Start of Block

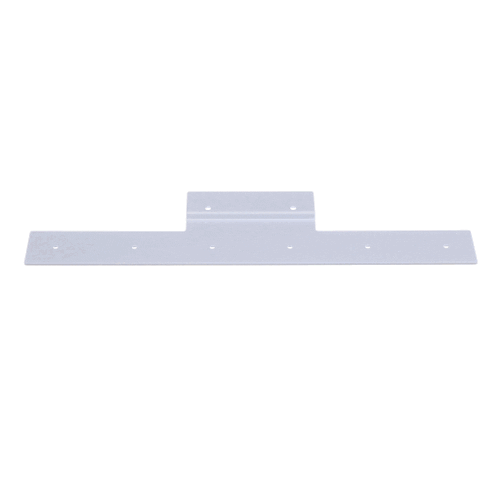 Bertazzoni Z370535 Bott.Adj.Dev.Fix.Part Wood Fri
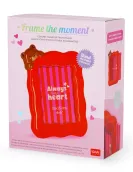 Moldura - Frame the Moment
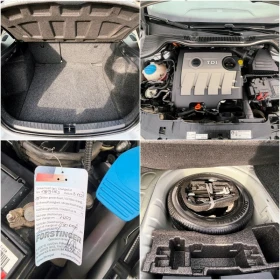 Seat Ibiza 1.6TDI 90к.с - 3200 € / 6258.66 лв. - 97088593 15 | Car24.bg Seat Ibiza 1.6TDI 90к.с - 3200 € / 6258.66 лв. - 97088593 15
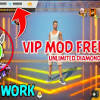 Sesibilidade ff this free fire apk has many features. 1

End of Block

▶ [Task item]: Please retype the listing above word for word, skipping each picture.

▶ [Answer section]:
 Bertazzoni Z370535 Bott.Adj.Dev.Fix.Part Wood Fri
 Moldura - Frame the Moment
 Seat Ibiza 1.6TDI 90к.с - 3200 € / 6258.66 лв. - 97088593 15 | Car24.bg Seat Ibiza 1.6TDI 90к.с - 3200 € / 6258.66 лв. - 97088593 15
 Sesibilidade ff this free fire apk has many features. 1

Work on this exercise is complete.